TASK DETAILS
In the listing below, find the line with "2238 Monroe St" and the line with "Kvindefodbold. VM i Mexico 1971". Repeat those two lines and all lines between them exactly.

GIVEN RECORDS
┌──
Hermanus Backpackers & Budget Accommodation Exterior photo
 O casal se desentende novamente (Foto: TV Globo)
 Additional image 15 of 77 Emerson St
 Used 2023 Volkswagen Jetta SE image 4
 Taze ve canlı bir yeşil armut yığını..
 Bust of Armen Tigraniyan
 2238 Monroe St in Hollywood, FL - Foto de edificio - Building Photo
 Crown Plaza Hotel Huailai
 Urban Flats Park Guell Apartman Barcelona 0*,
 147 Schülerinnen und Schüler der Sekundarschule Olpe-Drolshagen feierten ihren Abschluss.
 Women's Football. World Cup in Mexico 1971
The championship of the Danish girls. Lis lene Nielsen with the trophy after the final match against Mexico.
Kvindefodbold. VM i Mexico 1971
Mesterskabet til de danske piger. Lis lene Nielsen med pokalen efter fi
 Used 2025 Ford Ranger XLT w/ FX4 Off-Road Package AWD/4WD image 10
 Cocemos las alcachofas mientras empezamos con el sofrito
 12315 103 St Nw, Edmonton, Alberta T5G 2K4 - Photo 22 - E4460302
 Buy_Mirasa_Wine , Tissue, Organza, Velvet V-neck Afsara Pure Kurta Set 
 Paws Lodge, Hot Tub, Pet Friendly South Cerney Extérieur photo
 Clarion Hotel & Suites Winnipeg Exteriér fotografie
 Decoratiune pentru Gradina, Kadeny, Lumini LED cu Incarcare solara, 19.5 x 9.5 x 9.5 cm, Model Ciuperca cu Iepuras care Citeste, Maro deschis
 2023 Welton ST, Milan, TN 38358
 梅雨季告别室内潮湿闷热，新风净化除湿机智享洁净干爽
└──
PROBLEM SOLUTION
 2238 Monroe St in Hollywood, FL - Foto de edificio - Building Photo
 Crown Plaza Hotel Huailai
 Urban Flats Park Guell Apartman Barcelona 0*,
 147 Schülerinnen und Schüler der Sekundarschule Olpe-Drolshagen feierten ihren Abschluss.
 Women's Football. World Cup in Mexico 1971
The championship of the Danish girls. Lis lene Nielsen with the trophy after the final match against Mexico.
Kvindefodbold. VM i Mexico 1971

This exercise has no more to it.